Three PNs with arborisations restricted to the cumulus responded to codlemone, codlemone acetate and the esters (Fig. 3A). However, responses to sex pheromone components were also observed in PNs innervating ordinary glomeruli (Fig. 4A), including OGs 20, 21, 43, 48 and 49 located near the cumulus, and OGs 10 and 11 in the antero-ventral part of the AL. Apart from the PN innervating OG 11, all of these neurons also responded to plant volatiles.

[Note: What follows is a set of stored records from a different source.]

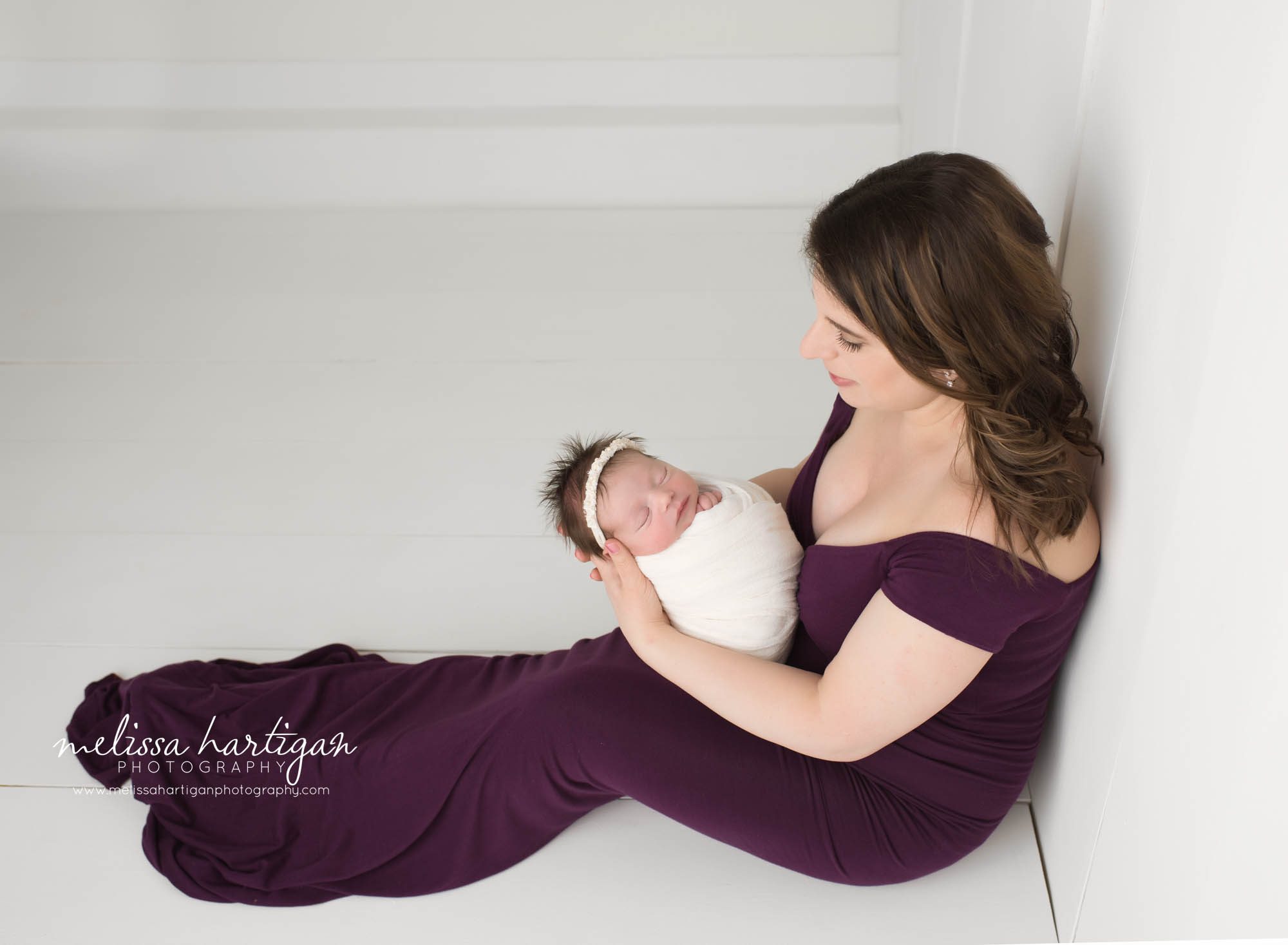 mom holding newborn baby daughter parent pose sitting down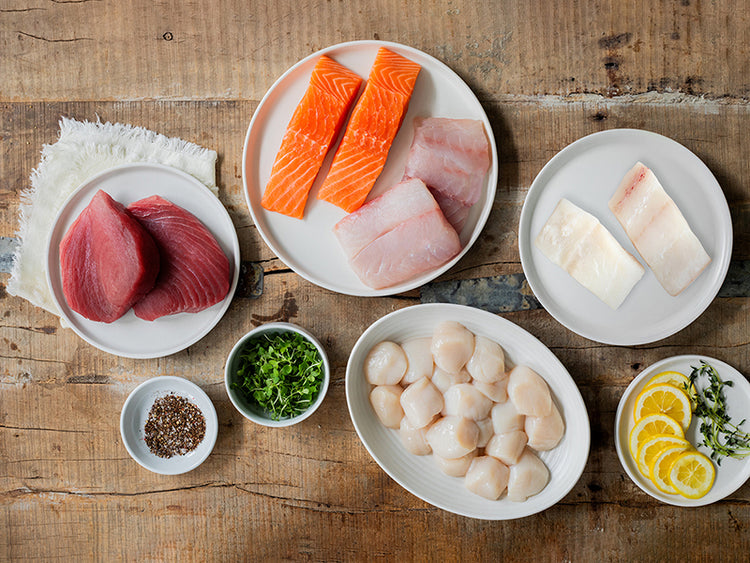 Sushi Bundle with Tuna, Salmon, Halibut, Red Snapper & Scallops with lemon and herbs on a wooden table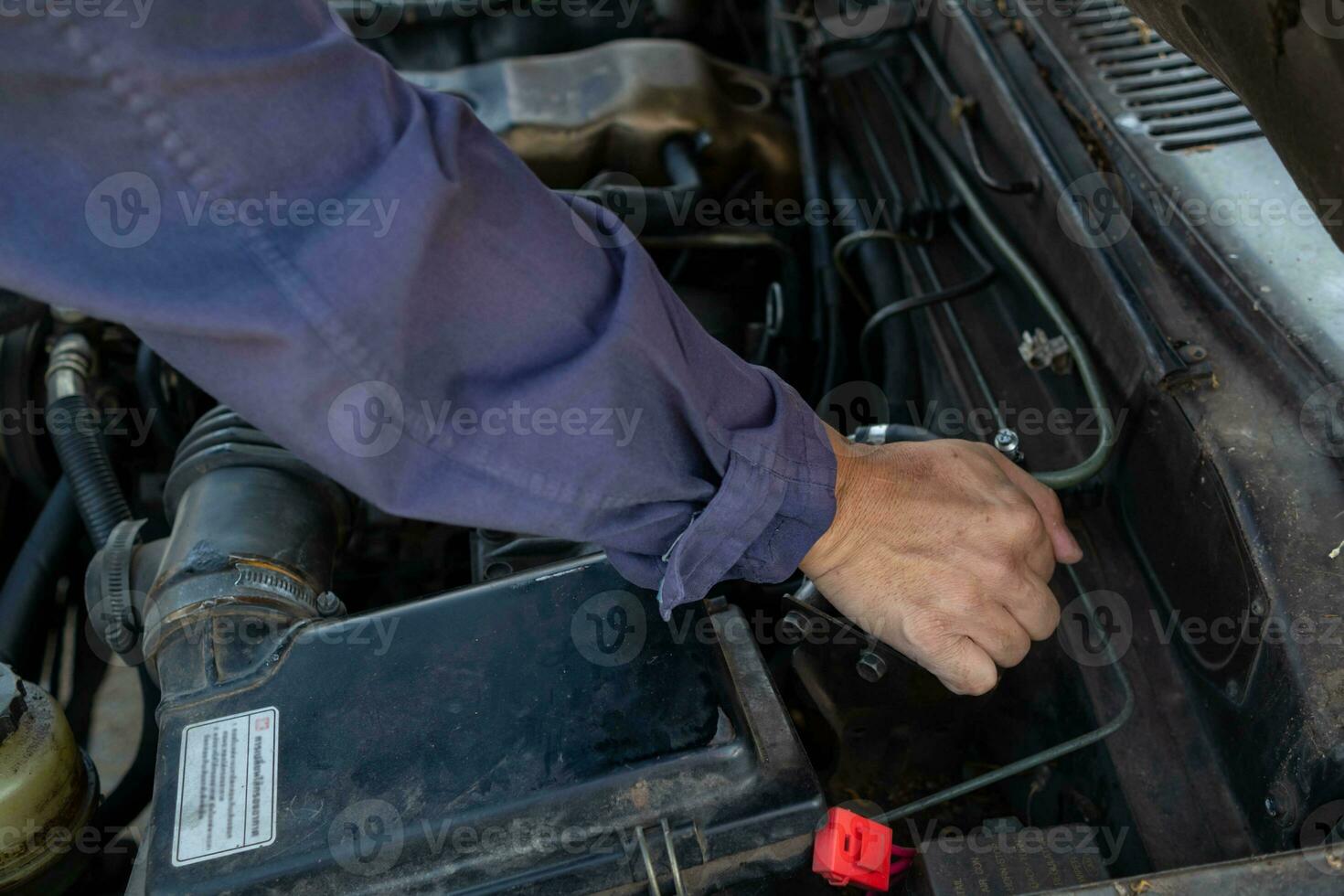 car mechanic is checking condition of engine to make it ready for use and mechanic is still maintaining worn out equipment to return to normal operation. checking engine conditions before traveling photo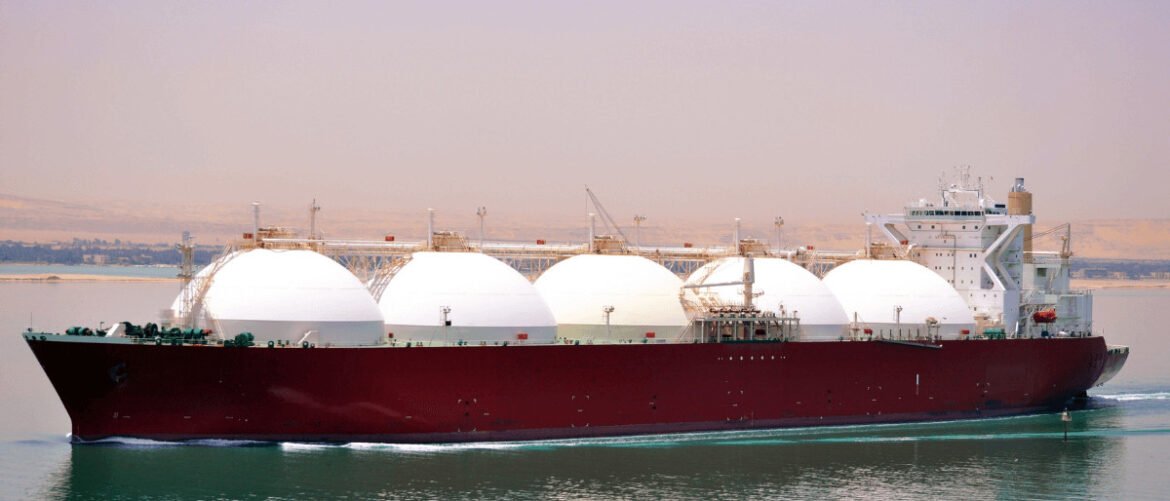 Large LNG carrier sailing on calm water with white spherical gas tanks and a white bridge.
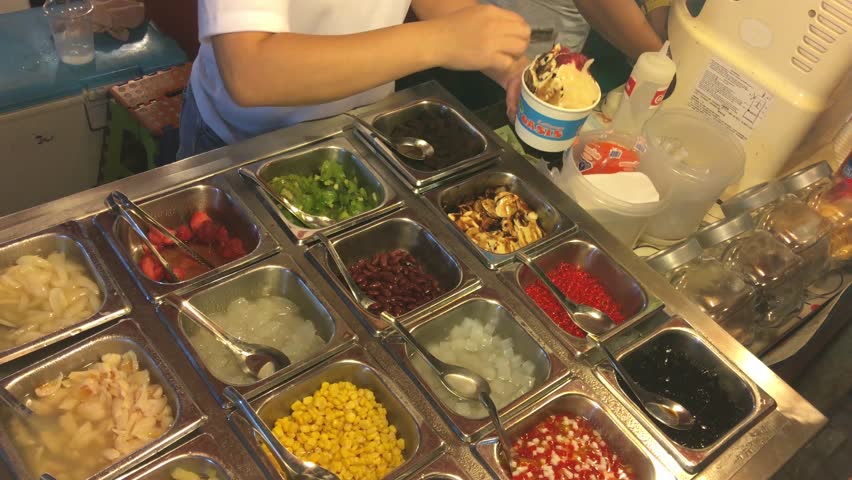 Ordering ice with fruits and pay on a market in Bangkok, Thailand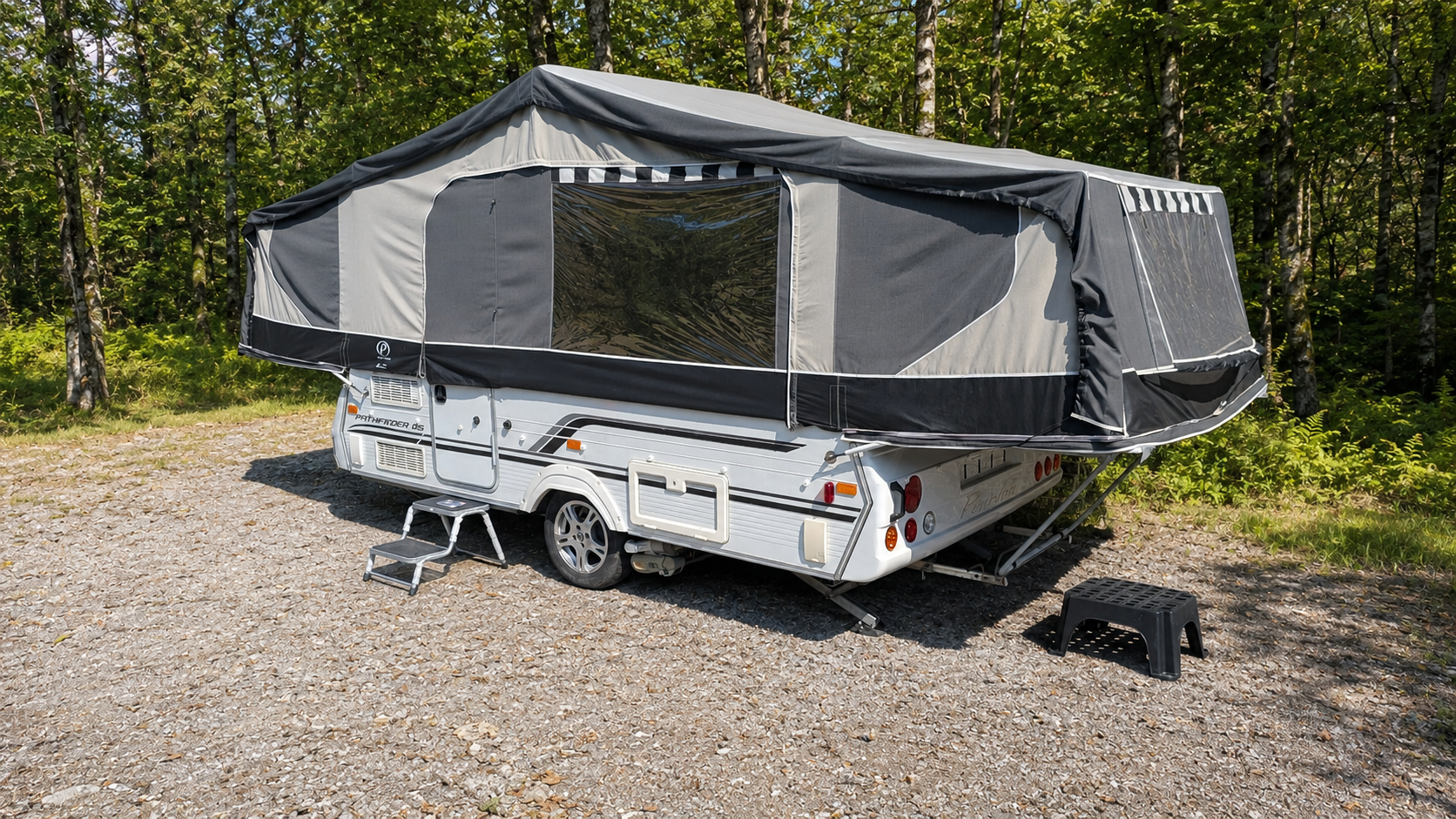 A travel trailer camper with an expanded tent cover, parked on a gravel lot next to a wooded area. A small step ladder is placed at the door.
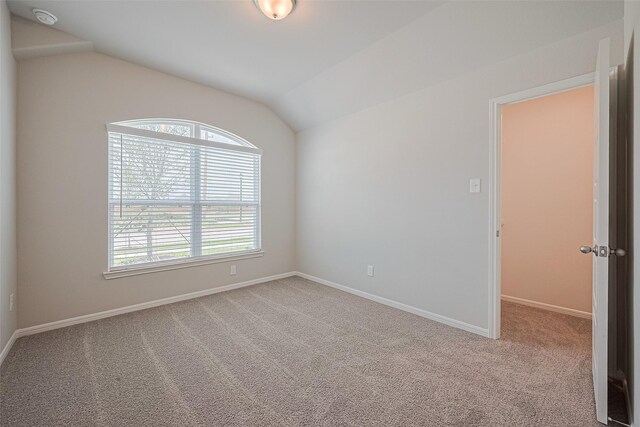 27203 Blue Pool Dr, Katy, TX 77493 - unfurnished room featuring a smoke detector, carpet flooring, baseboards, and lofted ceiling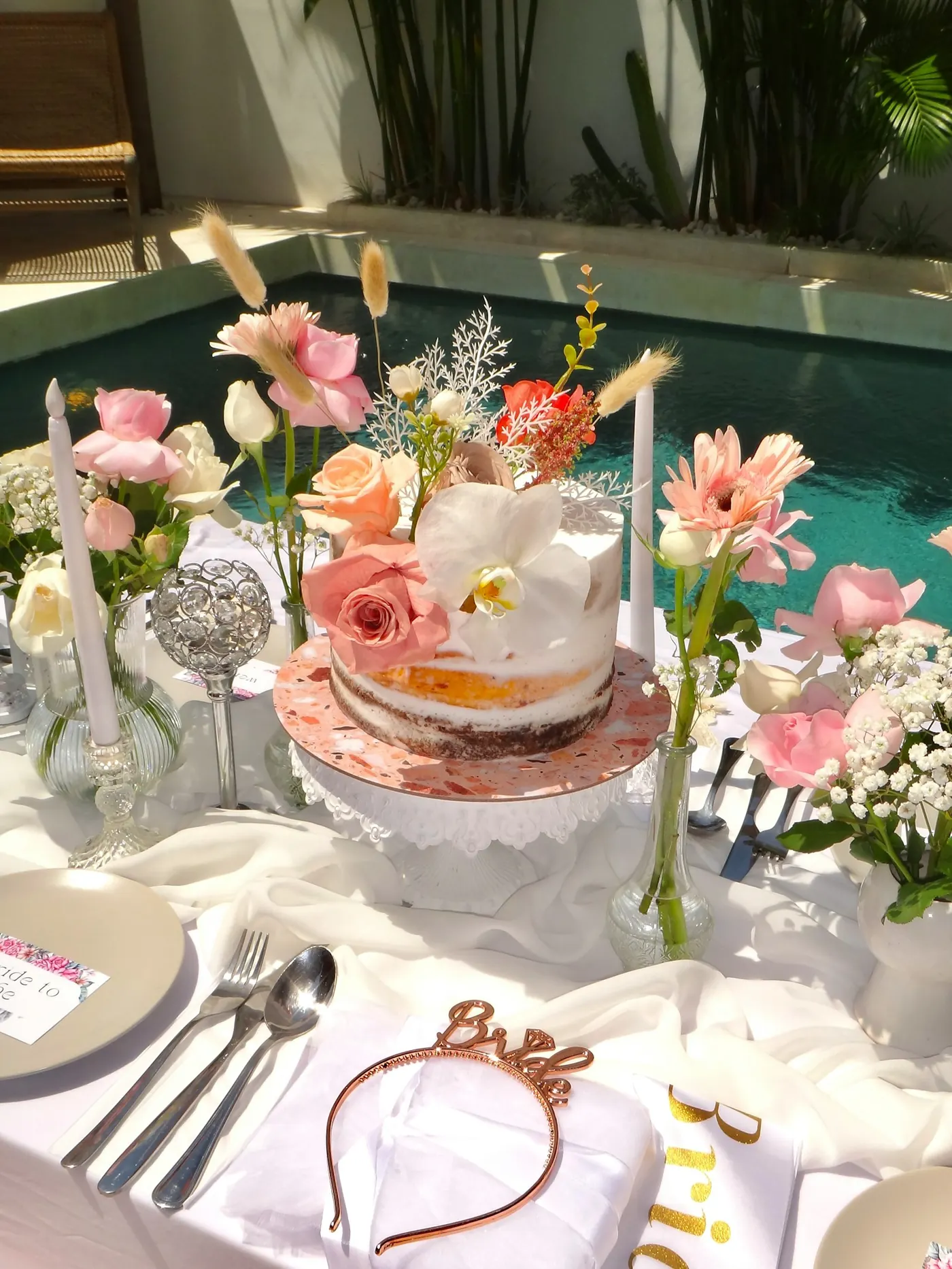 Liebevoll gedeckter Tisch mit Blumen, Torte und einem Bride-Haarreif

We obtained stainings of uniglomerular PNs innervating the same OG that showed different response spectra (e.g. PNs 12 and 13 innervating OG 23; Table 1). Among the three PNs that innervated OG 36, PNs 18 and 19 responded, each with different response dynamics, to six plant compounds, whereas PN 17 responded to only three of these. Similarly, OGs 1 and 2 were innervated by PNs (PNs 1 and 2) that displayed different response dynamics in response to some common plant volatiles, including pear ester, butyl hexanoate and (Z)-3-hexenyl benzoate; PN 2 also responded to hexyl 2-methyl-butanoate, methyl salicylate, acetic acid, (E)-β-farnesene and linalool (Table 1). By contrast, other PNs that responded to the same compounds innervated different glomeruli, e.g. the PNs that innervated OGs 12 (Fig. 3B), 16 (Fig. 3C) and 18 all responded phasic-tonically to (Z)-3-hexenol and methyl salicylate, and the nearby OG 14 was innervated by a PN that showed a phasic response to (Z)-3-hexenol.

Besides uniglomerular PNs, we also stained two multiglomerular PNs, each arborising in two closely adjacent glomeruli: PN 16, which responded to the main pheromone component, codlemone acetate and some plant volatiles, innervated the cumulus and the adjacent OG 20; and PN 4, which responded specifically to (Z)-3-hexenol and methyl salicylate, innervated OGs 9 and 19.

On the basis of the identification of the target glomeruli of identified PNs showing intermediate to strong responses (above the threshold of 30 spikes s^–1) to different classes of plant compounds, we observed a tendency towards a chemotopic organisation in the AL (Fig. 4). PNs responding to esters and acetic acid mainly innervated glomeruli in the dorso-lateral part of the AL (Fig. 4C,I). The distribution of these glomeruli also partially overlapped with those innervated by PNs responding to sex pheromone components (Fig. 4A). PNs responding to alcohols and benzenoids were frequently found innervating the same glomeruli in the dorso-medial and ventro-medial part of the AL (Fig. 4E,G). Terpenoids activated PNs innervating glomeruli in the dorsal part of the AL (Fig. 4K).

The morphologically identified LNs were characterised by different response profiles. Three of the five identified LNs (25, 26 and 27) displayed excitatory responses to a single compound and, at the same time, inhibition to several plant stimuli (Table 1). LN 24 was less specific and showed an excitatory response to several plant volatiles. Finally, LN 23 did not respond to any of the tested single stimuli but showed an excitatory response to the blends of codlemone with dodecanol and pear ester with acetic acid (Table 1).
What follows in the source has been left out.